Schreibers Buch ist also kein Aufruf dazu, sich vom Positiven abzuwenden und ausschließlich schlecht gelaunt durchs Leben zu gehen. Es zeigt vielmehr, dass der ausschließliche Fokus auf das Schöne zu einer Verdrängung der negativen Erfahrungen führt. Das Individuum unterdrückt seine Sorgen und wird damit alleine gelassen. Dies hat zum Einen enorme Auswirkungen auf die Psyche des Einzelnen und zum Anderen bleiben Probleme, die nicht angesprochen werden, weiterhin bestehen. „Denn die Welt wurde nicht von den Glücklichen verändert, sondern von den Unzufriedenen“, stellt Schreiber überzeugend fest.

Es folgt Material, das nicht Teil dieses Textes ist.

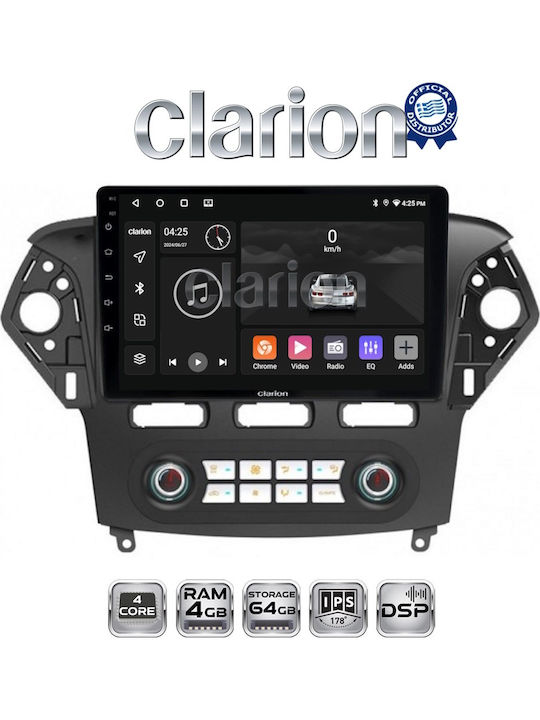 Clarion Car Audio System for Ford Mondeo 2010 > 2013 Bluetooth USB WiFi GPS Apple CarPlay Android Auto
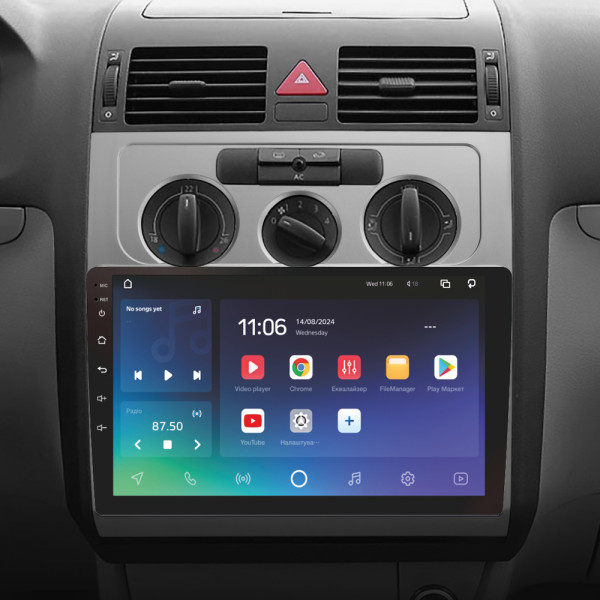 Штатна магнітола SIGMA PRO 10432 ANDROID 10 4+32 Gb 4G DSP Volkswagen Touran 1 2003-2010 (F1) 10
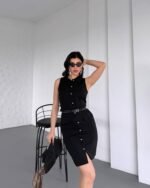 GÖMLEK YAKA ELBİSE - Görsel 4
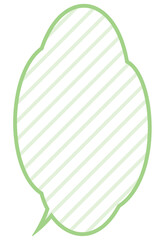 かわいい吹き出し_雲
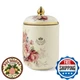 fanquare Porcelain Tea Canister, Normal Size Ceramic Jar, Vintage Gold Floral Co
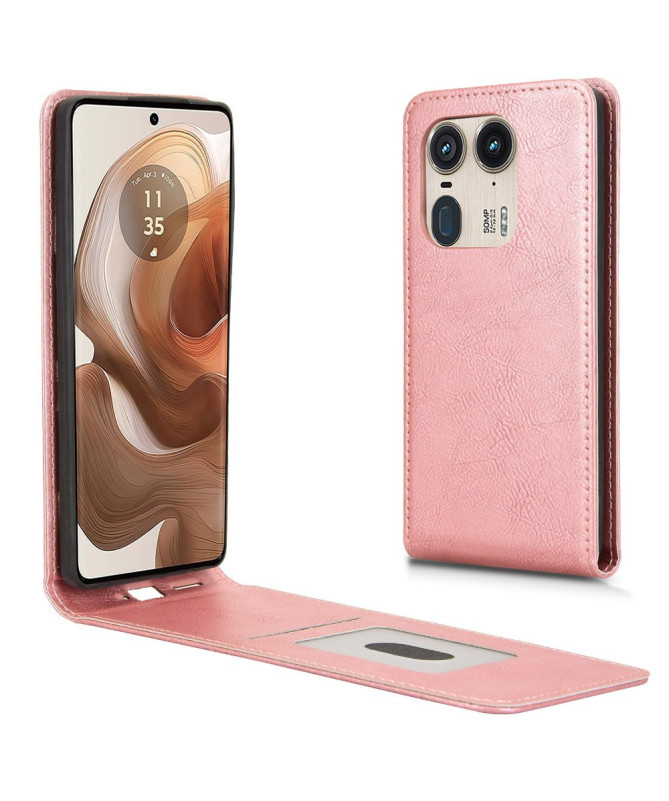 Monza - Housse Verticale Motorola Edge 50 Ultra avec Porte-Carte
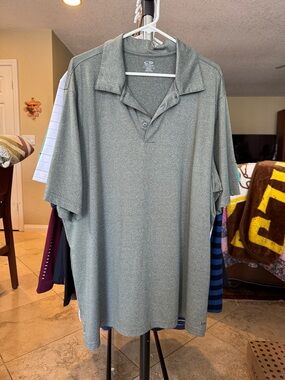 C9 by Champion Men's Heathered Sage Green Performance Polo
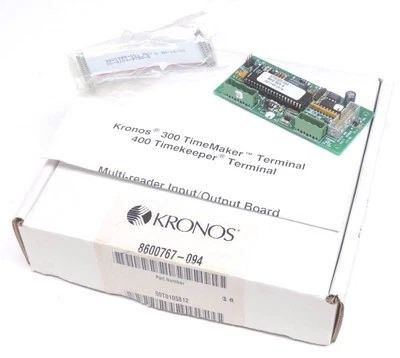NIB KRONOS SYSTEM 400 MULTI READER I/O BOARD REV D, 8600767-094, 6500183-001   - Image 1 of 4
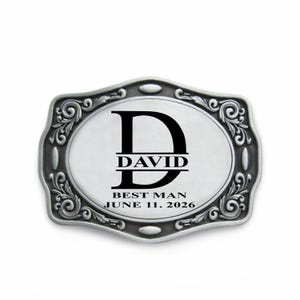 Engraved NAME Belt Buckle, Personalized Belt Buckle, Groomsman Belt Buckle, Cowboy Belt Buckle
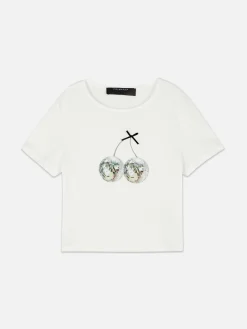 T-shirt Court Graphique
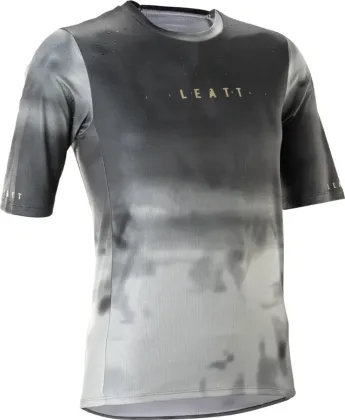 LEATT dres krátky rukáv MTB Gravity 4.0 Women, Ghost Black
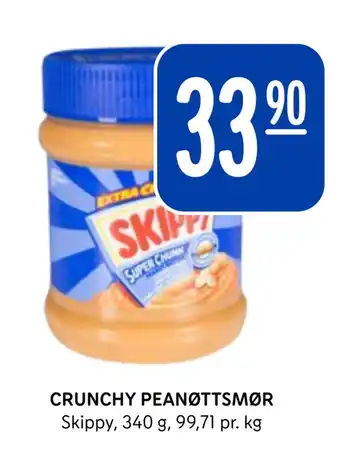 Rema 1000 CRUNCHY PEANØTTSMØR tilbud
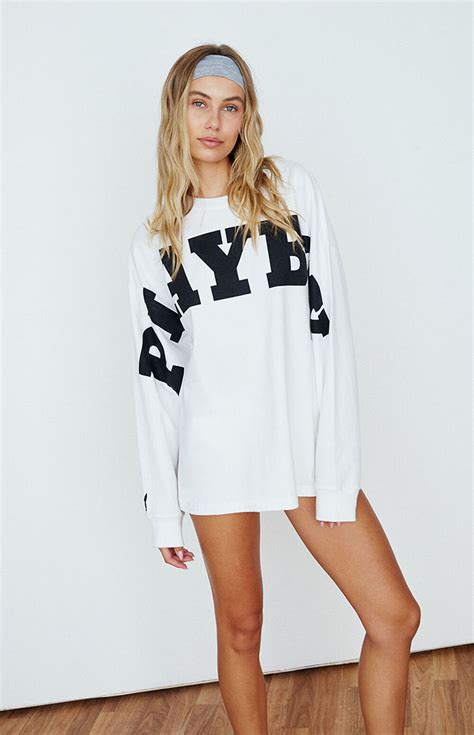 t-shirt playboy|Playboy By PacSun Long Sleeve Oversized T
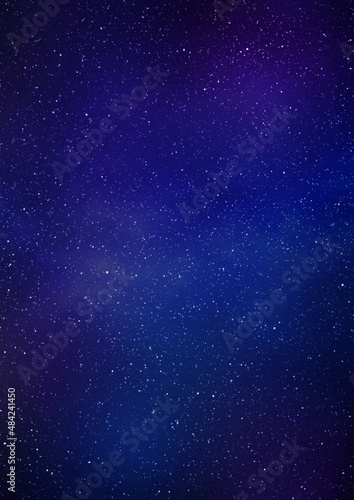 Night blue starry sky vertical background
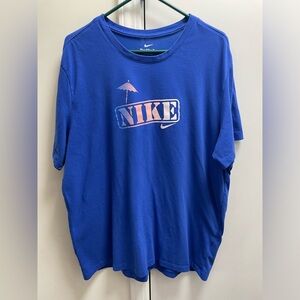 Mens Nike Party At The Rack Blue Dri-Fit T-Shirt XL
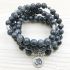 Labradorite Mala Bracelet – 108 Beads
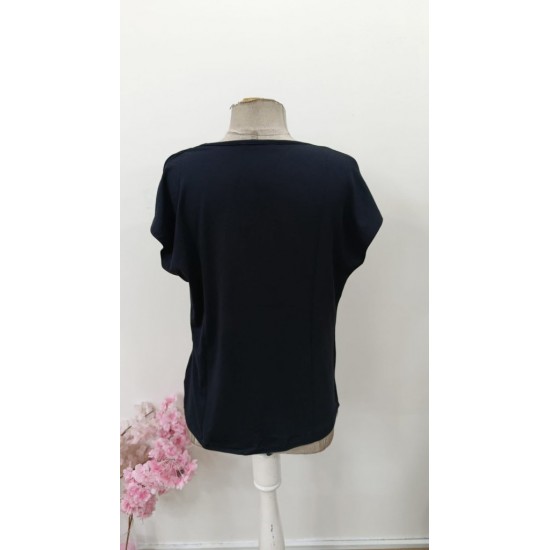 Kadın Kısa Kollu Degaje Yakalı Viskon Bluz, 31440 Kadın Kısa Kollu Degaje Yakalı Viskon Bluz, 31440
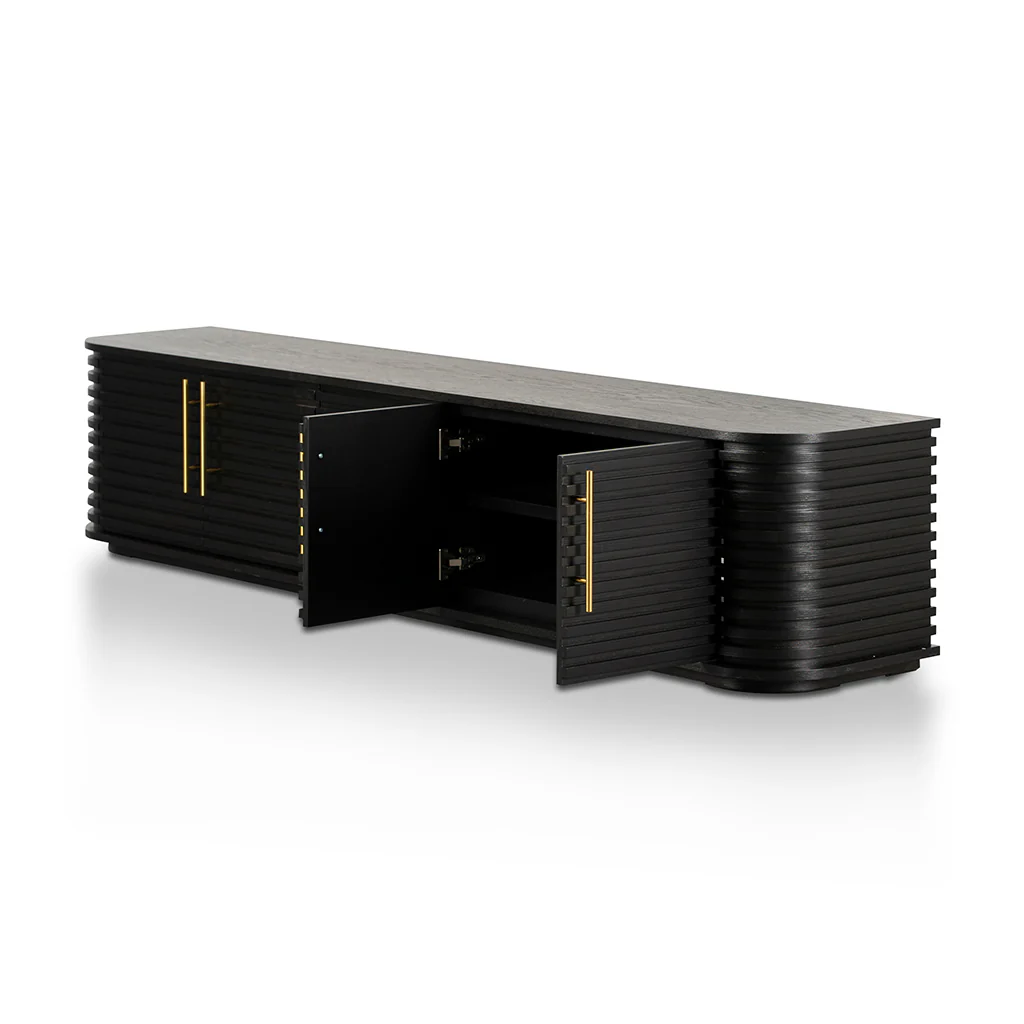 CTV8228-VA 2.3m TV Entertainment Unit - Textured Espresso Black - Image 6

Die Autorin spricht in „Ich möchte lieber nicht“ zudem über die Entstehung der positiven Psychologie von Martin Seeligmann und ihre Folgen. Zudem gibt sie immer wieder private Einblicke. Ihr Schreibstil ist dabei leicht verständlich, witzig und wirklich gut recherchiert. Vor allem ist das Buch aber eines: Ehrlich.
Es zeigt, dass es in Ordnung ist, nicht zu funktionieren und eben nicht perfekt zu sein. Die Fassade des fröhlichen und starken Menschen muss nicht immer aufrecht erhalten werden und jeder Mensch kann und sollte seine Stimme nutzen, um auf Fehler hinzuweisen. Doch wo wir schon beim Thema sind, den Fokus nicht nur auf das Positive zu lenken… Schreiber neigt an manchen Stellen zu Verallgemeinerungen und könnte bestimmte Situationen von verschiedenen Standpunkten aus umfangreicher beleuchten. Dennoch ist dieses Buch eine Empfehlung für alle, denen Aussagen wie „sei doch mal ein bisschen positiver“ oder „man kann alles schaffen, wenn man es auch will“ ein bisschen auf die Nerven gehen.